__Action item__. Exact repetition of a range: find the line containing "KS license plate 402GWY" and the line containing "Vista 14 de" in the material below, then repeat both and all lines between them, leaving pictures out.

__Dataset entries__.
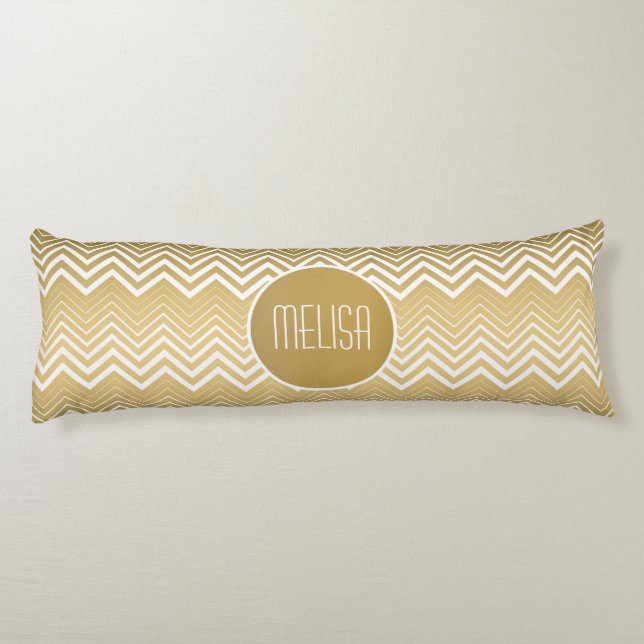 Coussins Longs Monogramme Or Et Blanc Zigzag Chevron (Dos)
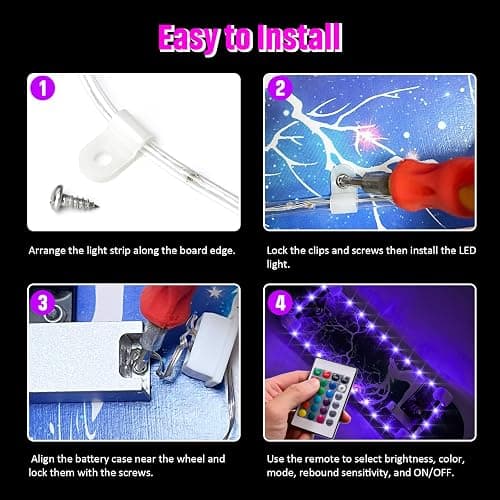 Eliteemo LED Skateboard Light, Longboard & Shortboard, 16 Colors | Remote Control, Waterproof & Shockproof Design, Super Bright Night Display, Kids Gift thumbnail 5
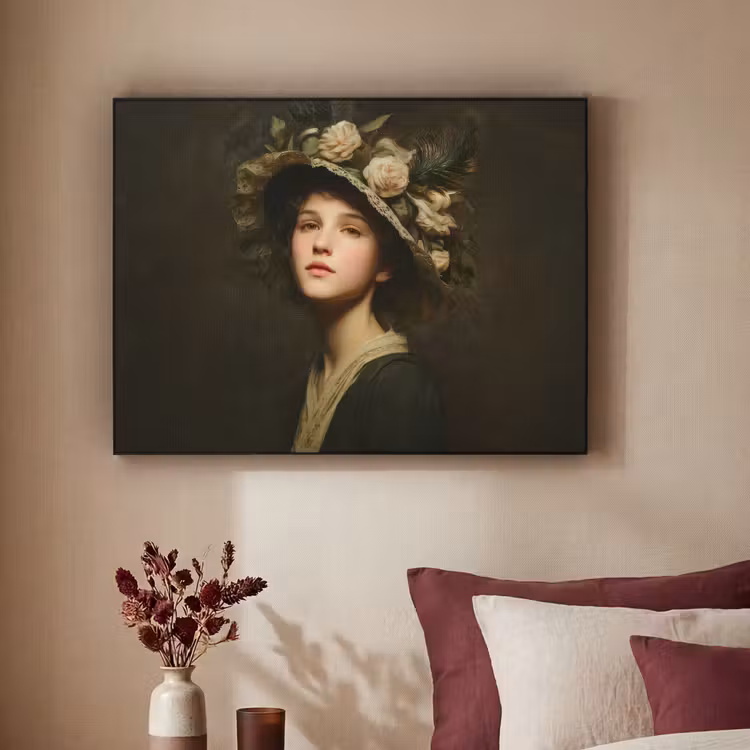 Bloemenhoed - Portret - Vrouw Textielframe - compleet frame klein -sfeer1
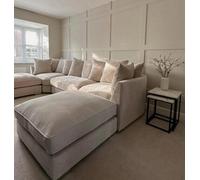 Home & Love Luxury Bishop U Shape Cinema Sofa Scatterback Corner Sofa - Malta Cream
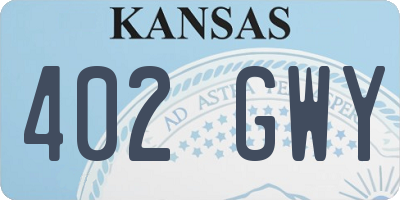 KS license plate 402GWY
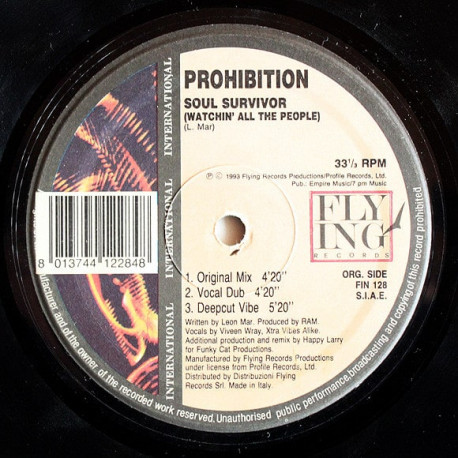 Prohibition - Soul Survivor (Original Mix / Vocal Dub / Deepcut Vibe / MANDA & Key T Club Mix / MANDA & Key T Dub)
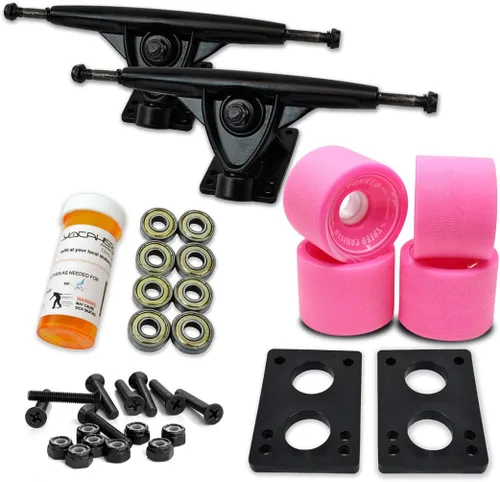 Vista 14 de Yocaher Longboard - Juego de ruedas para monopatín de 2.795 in + camiones negros de aluminio resistente de 7 pulgadas/7.087 in, rodamiento Azul bebé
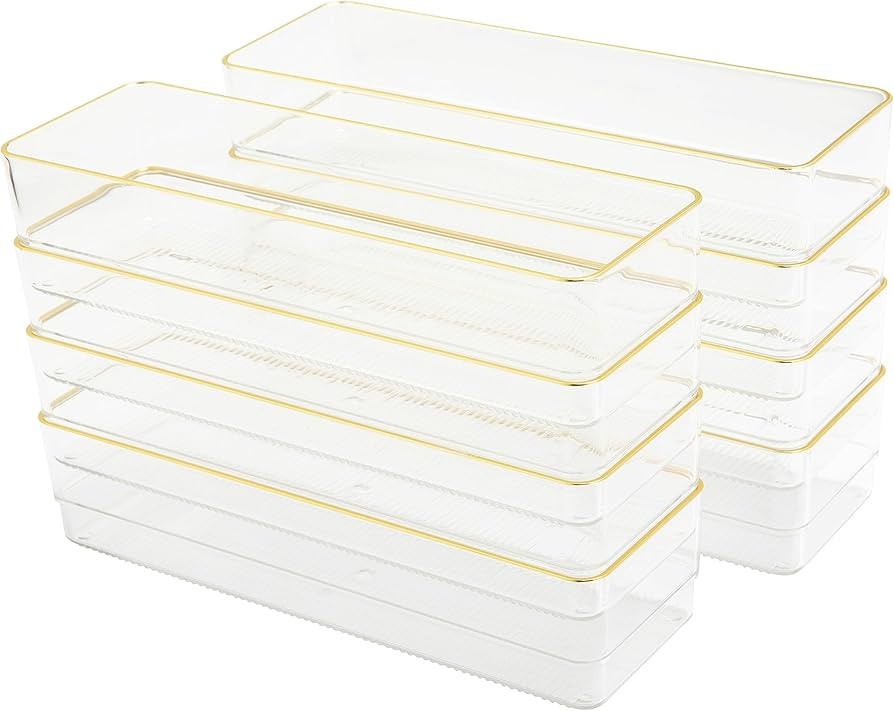 Martha Stewart Kerry Plastic Stackable Office Desk Drawer Organizers, 9" x 3", 8 Pack, with Gold ... | Amazon (US)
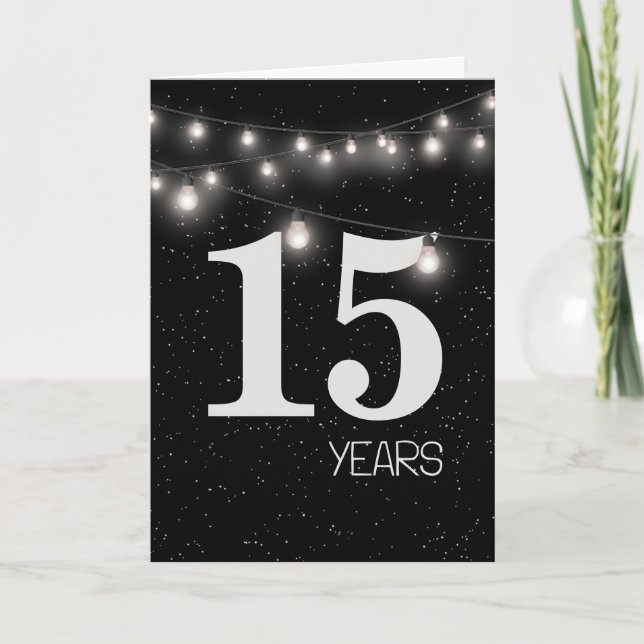 Cartão Aniversário de 15 anos com Luzes e Estrelas (Frente)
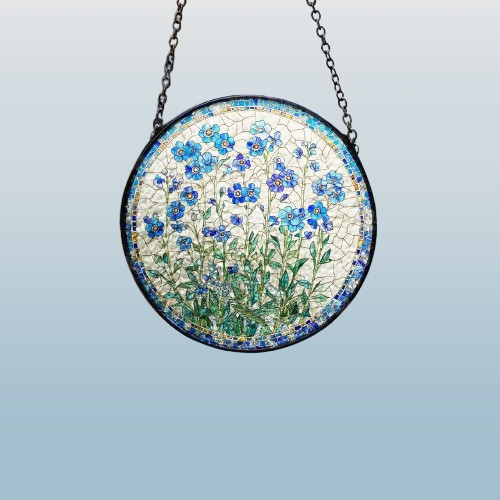 Floral Stained Glass Suncatcher - Forget-Me-Not Inspired Hanging Ornament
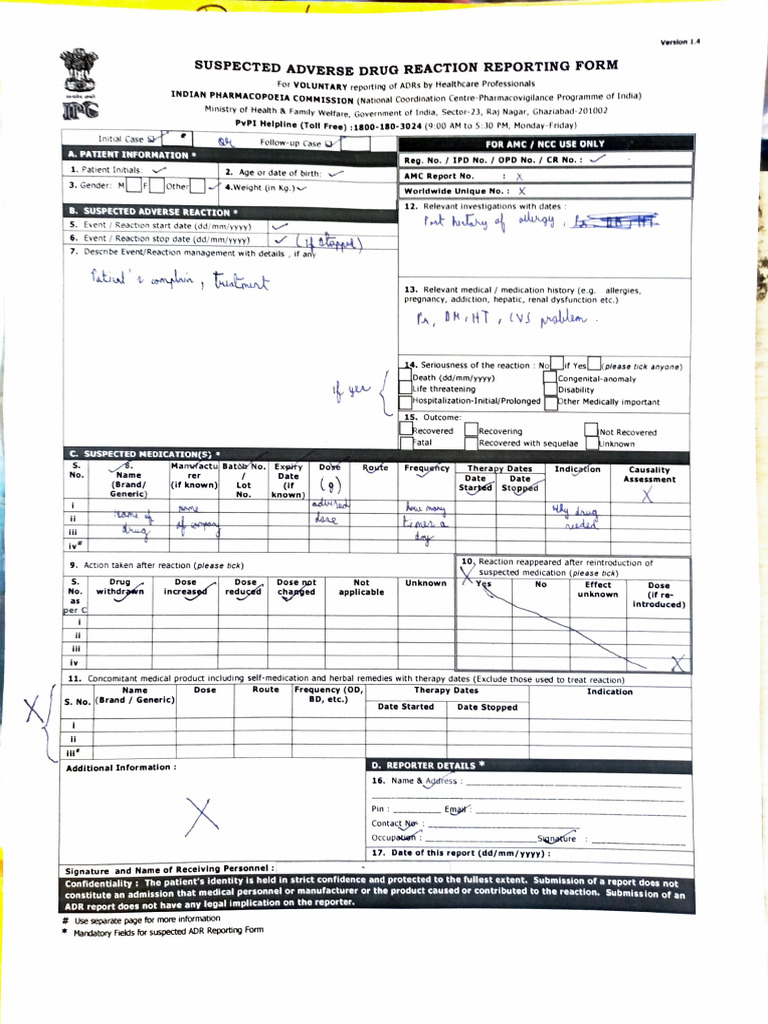 Adverse Drug Reaction Reporting Form | PDF | Medicinal Chemistry ...
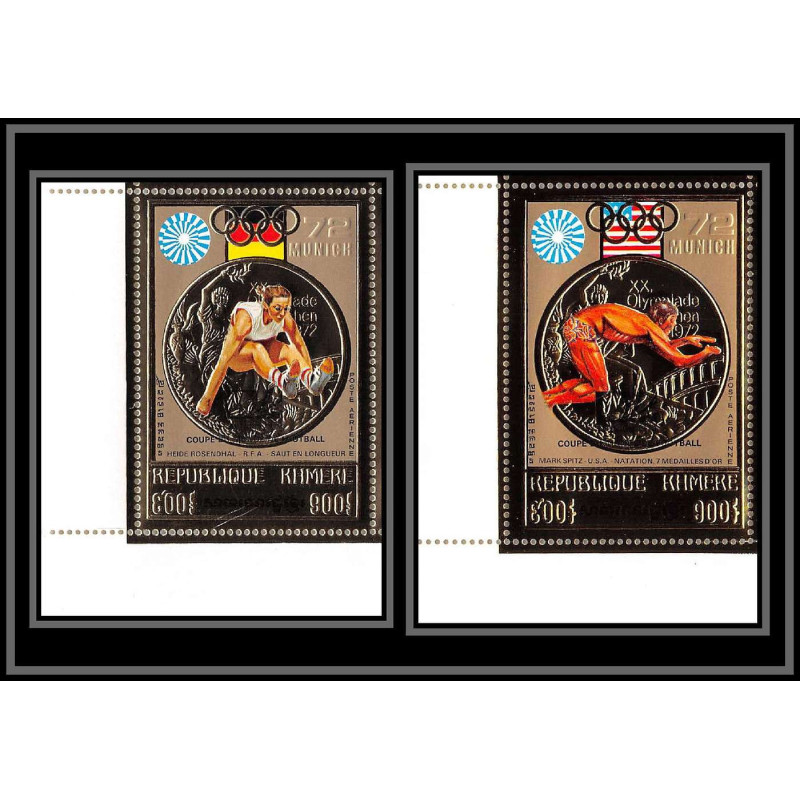 85649 N°382/383 A jeux olympiques olympics munich 72 khmère Cambodia cambodge MNH gold or overprint 1974 soccer football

__Expected output__.
 KS license plate 402GWY
 Prohibition - Soul Survivor (Original Mix / Vocal Dub / Deepcut Vibe / MANDA & Key T Club Mix / MANDA & Key T Dub)
 Vista 14 de Yocaher Longboard - Juego de ruedas para monopatín de 2.795 in + camiones negros de aluminio resistente de 7 pulgadas/7.087 in, rodamiento Azul bebé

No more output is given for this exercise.